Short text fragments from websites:
"""

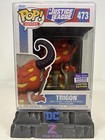 FUNKO POP! DC Universe Justice League Heroes Trigon #473 Convention Exclusive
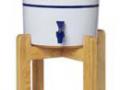 2-Gallon Ceramic Crock Dispensers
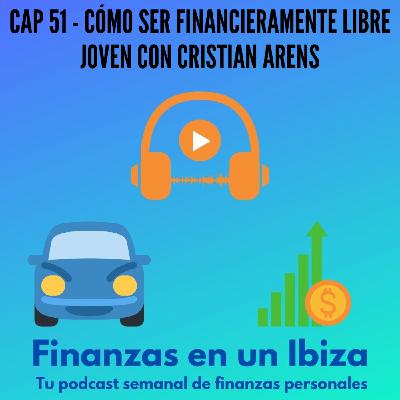 INVERTIR JOVEN CON CRISTIAN ARENS INVERTIR JOVEN CON CRISTIAN ARENS
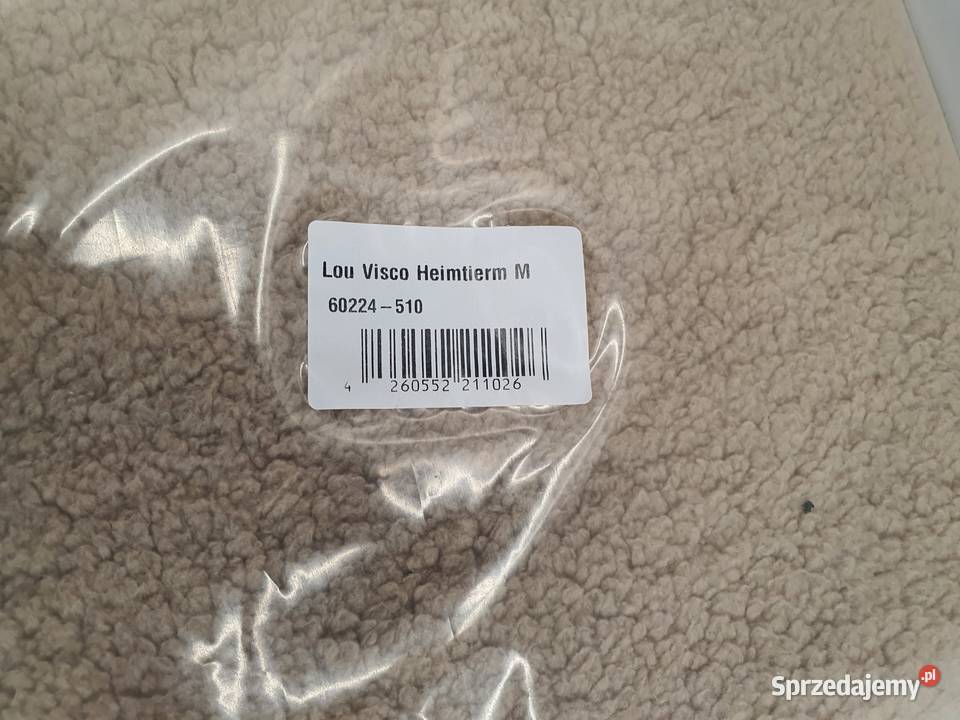 Brunolie Luna legowisko psa M 80x55 Akcesoria dla zwierząt Częstochowa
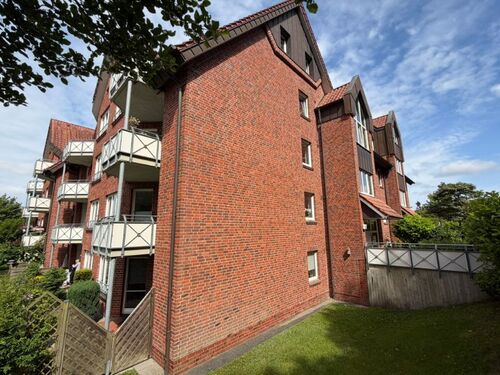 Außenansicht - 3 Zimmer 3- Zimmerwohnung zur Miete in Harrislee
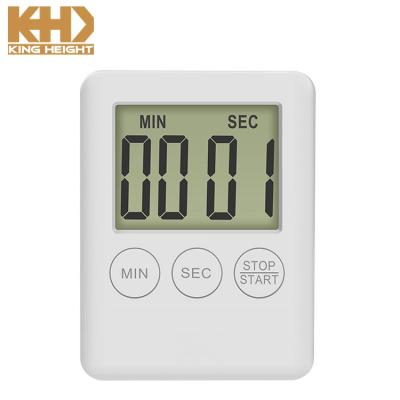 China KH-TM023 Viable Kitchen Hand Held Kitchen Countdown Countup Timer Customized OEM Small ROI HEIGHT for sale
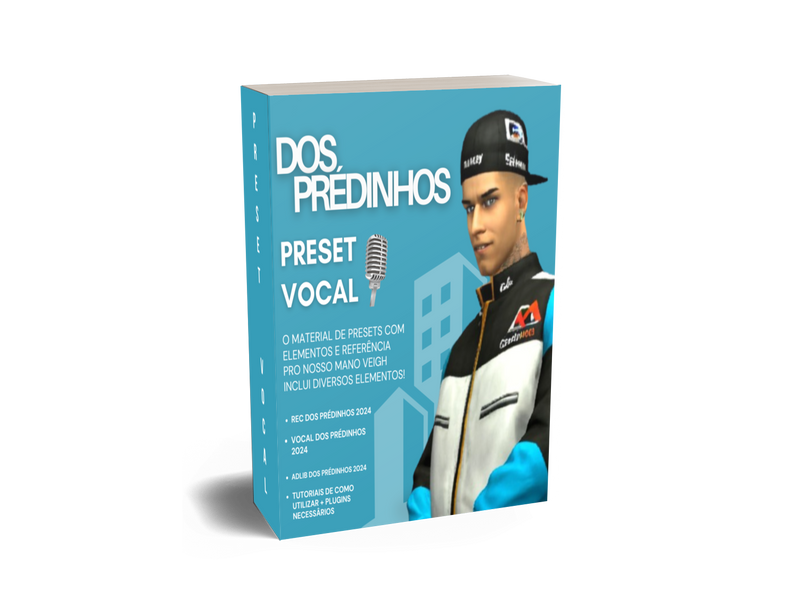 Dos Prédinhos - Preset Vocal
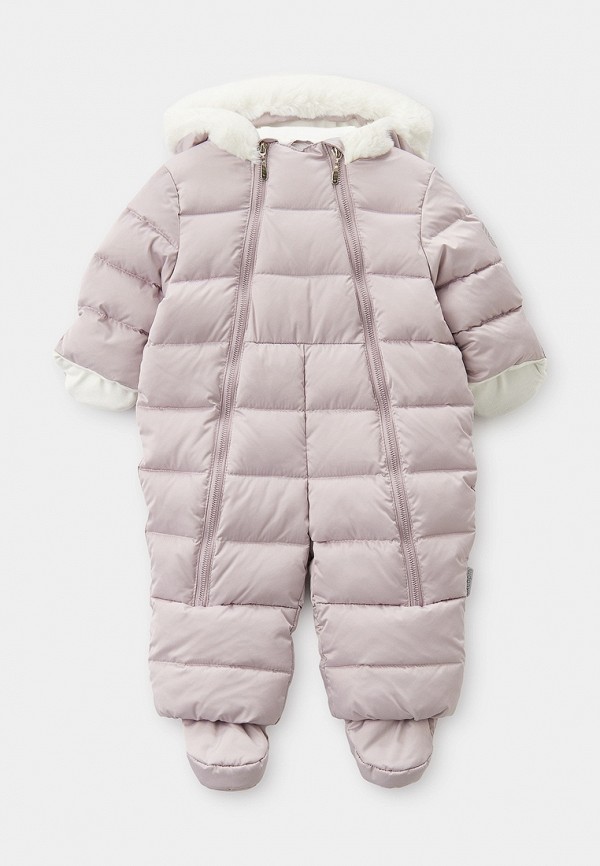 Комбинезон утепленный и пинетки АксАрт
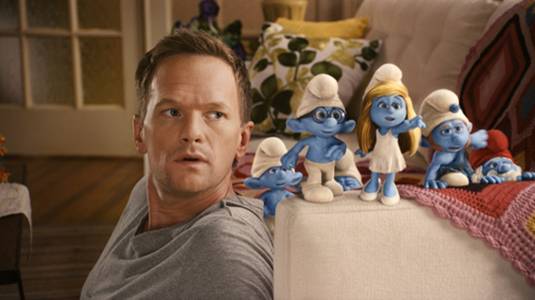 The Smurfs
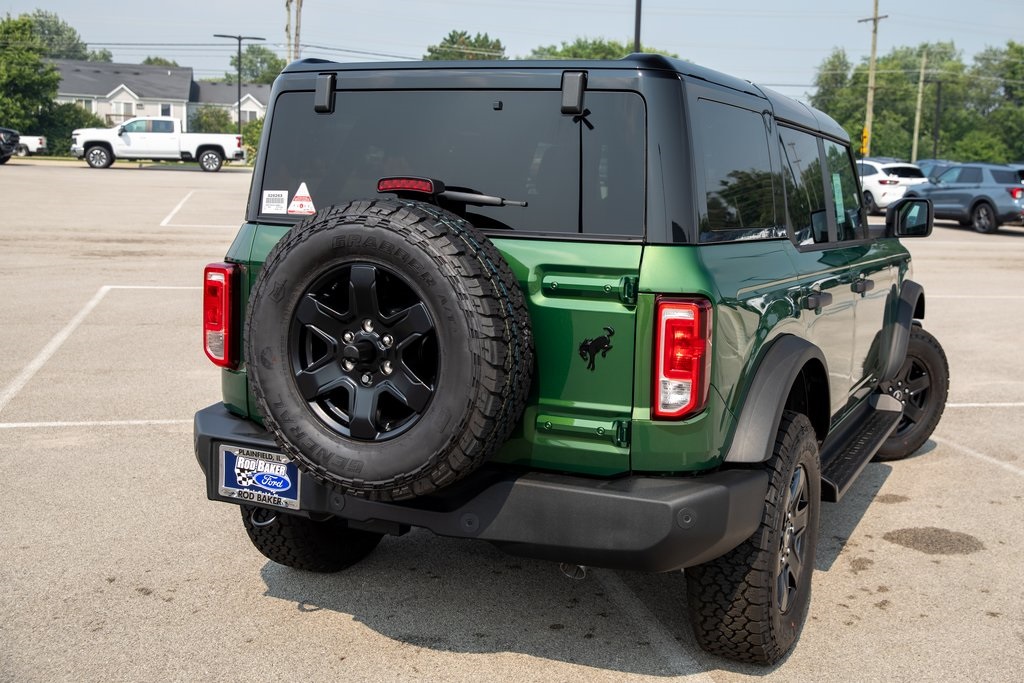 2025 Ford Bronco Big Bend photo 11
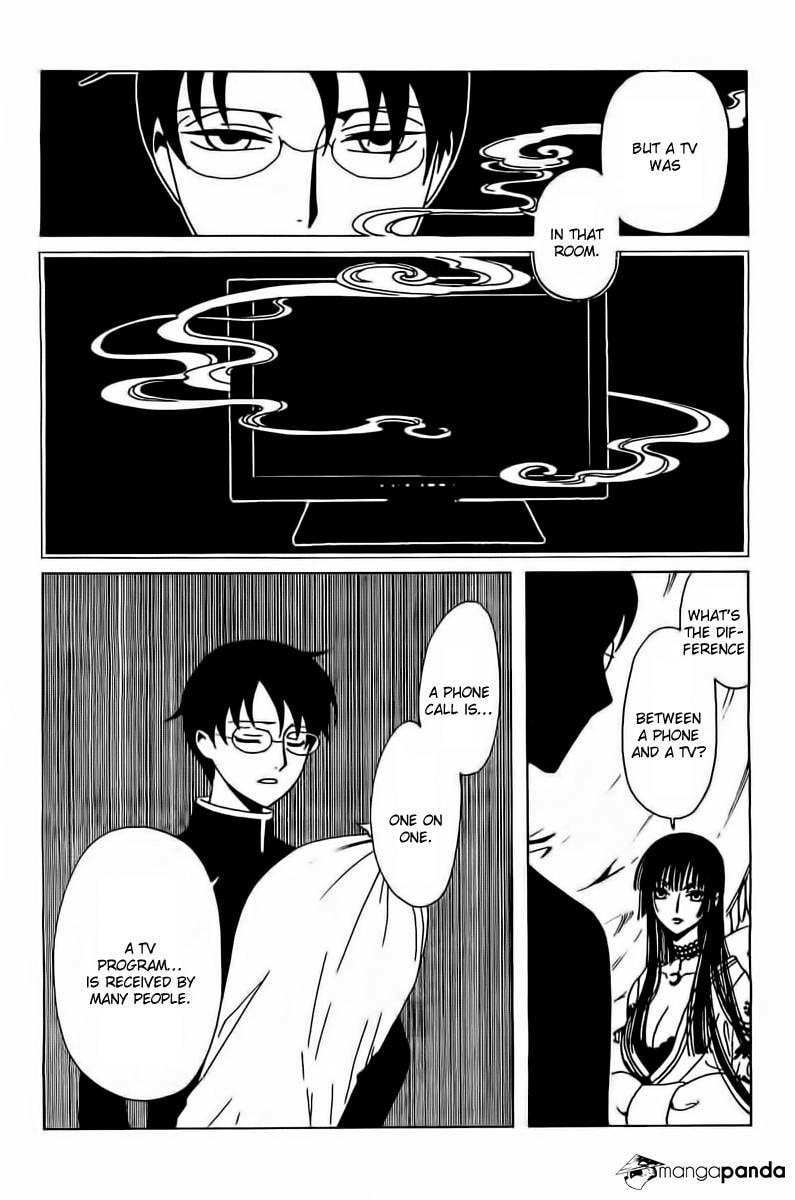 Read xxxHOLiC Rei chapter 36 image 3 on Lezhin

"""

WORK INSTRUCTIONS
Output every entry exactly, leaving out pictures.

FINISHED EXERCISE
 FUNKO POP! DC Universe Justice League Heroes Trigon #473 Convention Exclusive
 2-Gallon Ceramic Crock Dispensers
 INVERTIR JOVEN CON CRISTIAN ARENS INVERTIR JOVEN CON CRISTIAN ARENS
 Brunolie Luna legowisko psa M 80x55 Akcesoria dla zwierząt Częstochowa
 Außenansicht - 3 Zimmer 3- Zimmerwohnung zur Miete in Harrislee
 China KH-TM023 Viable Kitchen Hand Held Kitchen Countdown Countup Timer Customized OEM Small ROI HEIGHT for sale
 Dos Prédinhos - Preset Vocal
 Комбинезон утепленный и пинетки АксАрт
 The Smurfs
 2025 Ford Bronco Big Bend photo 11
 Read xxxHOLiC Rei chapter 36 image 3 on Lezhin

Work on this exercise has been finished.